Items from a data source -
★ ★ ★ ★ ★ ★ ★

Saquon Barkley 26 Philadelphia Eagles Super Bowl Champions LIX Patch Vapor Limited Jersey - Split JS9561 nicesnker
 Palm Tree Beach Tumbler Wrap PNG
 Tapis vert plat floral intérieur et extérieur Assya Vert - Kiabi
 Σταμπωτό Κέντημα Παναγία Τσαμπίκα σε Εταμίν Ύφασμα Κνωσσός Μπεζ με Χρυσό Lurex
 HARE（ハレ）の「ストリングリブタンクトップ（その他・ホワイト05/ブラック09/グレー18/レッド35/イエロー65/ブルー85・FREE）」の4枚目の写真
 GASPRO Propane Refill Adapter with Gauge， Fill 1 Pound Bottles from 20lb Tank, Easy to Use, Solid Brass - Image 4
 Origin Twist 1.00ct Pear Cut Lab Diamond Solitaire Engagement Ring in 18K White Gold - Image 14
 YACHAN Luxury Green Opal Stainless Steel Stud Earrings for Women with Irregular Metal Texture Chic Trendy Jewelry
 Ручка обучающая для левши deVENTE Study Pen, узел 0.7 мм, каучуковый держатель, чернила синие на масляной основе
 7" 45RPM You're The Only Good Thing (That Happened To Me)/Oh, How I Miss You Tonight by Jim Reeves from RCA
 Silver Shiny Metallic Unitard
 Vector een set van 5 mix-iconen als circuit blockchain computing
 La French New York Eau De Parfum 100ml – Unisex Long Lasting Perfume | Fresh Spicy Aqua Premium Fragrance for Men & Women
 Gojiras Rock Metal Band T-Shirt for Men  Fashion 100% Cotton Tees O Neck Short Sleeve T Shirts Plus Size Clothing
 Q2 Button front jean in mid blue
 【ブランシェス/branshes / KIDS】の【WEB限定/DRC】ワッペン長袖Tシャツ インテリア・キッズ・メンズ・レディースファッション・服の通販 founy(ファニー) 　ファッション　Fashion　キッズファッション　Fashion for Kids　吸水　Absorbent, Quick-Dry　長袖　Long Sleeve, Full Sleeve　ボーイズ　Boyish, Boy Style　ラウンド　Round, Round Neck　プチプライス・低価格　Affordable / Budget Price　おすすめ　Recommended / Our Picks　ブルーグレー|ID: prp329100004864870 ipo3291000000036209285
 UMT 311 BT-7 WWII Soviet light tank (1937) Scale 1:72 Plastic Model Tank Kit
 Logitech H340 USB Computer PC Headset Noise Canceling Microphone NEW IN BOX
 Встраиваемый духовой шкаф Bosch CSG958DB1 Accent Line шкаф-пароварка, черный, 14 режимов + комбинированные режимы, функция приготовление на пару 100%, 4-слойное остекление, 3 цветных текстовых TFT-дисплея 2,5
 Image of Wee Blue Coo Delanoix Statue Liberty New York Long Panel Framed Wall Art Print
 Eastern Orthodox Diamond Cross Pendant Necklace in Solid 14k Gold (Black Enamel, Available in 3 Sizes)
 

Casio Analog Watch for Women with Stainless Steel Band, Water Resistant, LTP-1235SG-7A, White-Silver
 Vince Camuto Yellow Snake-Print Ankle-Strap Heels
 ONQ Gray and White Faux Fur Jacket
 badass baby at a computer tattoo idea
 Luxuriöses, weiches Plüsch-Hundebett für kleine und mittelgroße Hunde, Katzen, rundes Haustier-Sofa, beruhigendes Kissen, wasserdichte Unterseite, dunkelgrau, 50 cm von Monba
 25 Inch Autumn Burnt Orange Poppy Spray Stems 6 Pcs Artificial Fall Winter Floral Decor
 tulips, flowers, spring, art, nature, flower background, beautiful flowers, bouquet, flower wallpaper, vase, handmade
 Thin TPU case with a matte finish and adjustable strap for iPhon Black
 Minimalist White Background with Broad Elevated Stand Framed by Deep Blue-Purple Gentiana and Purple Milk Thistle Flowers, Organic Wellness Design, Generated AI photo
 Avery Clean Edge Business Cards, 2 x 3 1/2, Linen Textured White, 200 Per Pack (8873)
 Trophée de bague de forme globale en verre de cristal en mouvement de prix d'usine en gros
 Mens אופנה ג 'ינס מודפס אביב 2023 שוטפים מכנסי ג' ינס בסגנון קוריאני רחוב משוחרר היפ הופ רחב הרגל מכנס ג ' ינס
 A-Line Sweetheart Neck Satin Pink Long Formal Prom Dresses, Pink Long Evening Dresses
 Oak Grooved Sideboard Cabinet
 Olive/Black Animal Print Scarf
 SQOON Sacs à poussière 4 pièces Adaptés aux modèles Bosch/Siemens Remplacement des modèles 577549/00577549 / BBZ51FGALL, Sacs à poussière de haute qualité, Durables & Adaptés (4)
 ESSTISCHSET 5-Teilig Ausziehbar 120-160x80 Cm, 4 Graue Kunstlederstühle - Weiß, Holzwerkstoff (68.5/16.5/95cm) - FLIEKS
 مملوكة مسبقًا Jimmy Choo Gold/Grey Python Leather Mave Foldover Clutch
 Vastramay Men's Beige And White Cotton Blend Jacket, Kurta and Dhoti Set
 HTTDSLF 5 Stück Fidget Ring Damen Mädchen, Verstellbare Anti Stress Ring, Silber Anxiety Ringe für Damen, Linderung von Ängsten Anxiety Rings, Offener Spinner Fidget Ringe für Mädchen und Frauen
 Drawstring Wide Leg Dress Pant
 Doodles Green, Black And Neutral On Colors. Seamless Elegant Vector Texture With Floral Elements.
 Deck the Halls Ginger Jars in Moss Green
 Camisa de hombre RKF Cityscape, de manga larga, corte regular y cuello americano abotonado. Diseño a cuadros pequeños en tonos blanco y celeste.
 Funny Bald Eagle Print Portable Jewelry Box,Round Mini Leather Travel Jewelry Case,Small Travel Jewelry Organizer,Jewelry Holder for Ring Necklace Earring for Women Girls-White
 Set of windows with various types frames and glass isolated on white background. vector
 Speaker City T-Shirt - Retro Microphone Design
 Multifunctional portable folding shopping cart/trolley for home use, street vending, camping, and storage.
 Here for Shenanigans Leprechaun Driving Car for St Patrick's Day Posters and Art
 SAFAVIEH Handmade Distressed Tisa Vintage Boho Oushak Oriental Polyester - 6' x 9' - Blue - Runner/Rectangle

★ ★ ★ ★ ★ ★ ★

Assignment -
In the entries above, find the line holding "Tapis vert plat" and the line holding "UMT 311 BT-7"; print both of them and every line between, exactly, and nothing else.

Task solution -
 Tapis vert plat floral intérieur et extérieur Assya Vert - Kiabi
 Σταμπωτό Κέντημα Παναγία Τσαμπίκα σε Εταμίν Ύφασμα Κνωσσός Μπεζ με Χρυσό Lurex
 HARE（ハレ）の「ストリングリブタンクトップ（その他・ホワイト05/ブラック09/グレー18/レッド35/イエロー65/ブルー85・FREE）」の4枚目の写真
 GASPRO Propane Refill Adapter with Gauge， Fill 1 Pound Bottles from 20lb Tank, Easy to Use, Solid Brass - Image 4
 Origin Twist 1.00ct Pear Cut Lab Diamond Solitaire Engagement Ring in 18K White Gold - Image 14
 YACHAN Luxury Green Opal Stainless Steel Stud Earrings for Women with Irregular Metal Texture Chic Trendy Jewelry
 Ручка обучающая для левши deVENTE Study Pen, узел 0.7 мм, каучуковый держатель, чернила синие на масляной основе
 7" 45RPM You're The Only Good Thing (That Happened To Me)/Oh, How I Miss You Tonight by Jim Reeves from RCA
 Silver Shiny Metallic Unitard
 Vector een set van 5 mix-iconen als circuit blockchain computing
 La French New York Eau De Parfum 100ml – Unisex Long Lasting Perfume | Fresh Spicy Aqua Premium Fragrance for Men & Women
 Gojiras Rock Metal Band T-Shirt for Men  Fashion 100% Cotton Tees O Neck Short Sleeve T Shirts Plus Size Clothing
 Q2 Button front jean in mid blue
 【ブランシェス/branshes / KIDS】の【WEB限定/DRC】ワッペン長袖Tシャツ インテリア・キッズ・メンズ・レディースファッション・服の通販 founy(ファニー) 　ファッション　Fashion　キッズファッション　Fashion for Kids　吸水　Absorbent, Quick-Dry　長袖　Long Sleeve, Full Sleeve　ボーイズ　Boyish, Boy Style　ラウンド　Round, Round Neck　プチプライス・低価格　Affordable / Budget Price　おすすめ　Recommended / Our Picks　ブルーグレー|ID: prp329100004864870 ipo3291000000036209285
 UMT 311 BT-7 WWII Soviet light tank (1937) Scale 1:72 Plastic Model Tank Kit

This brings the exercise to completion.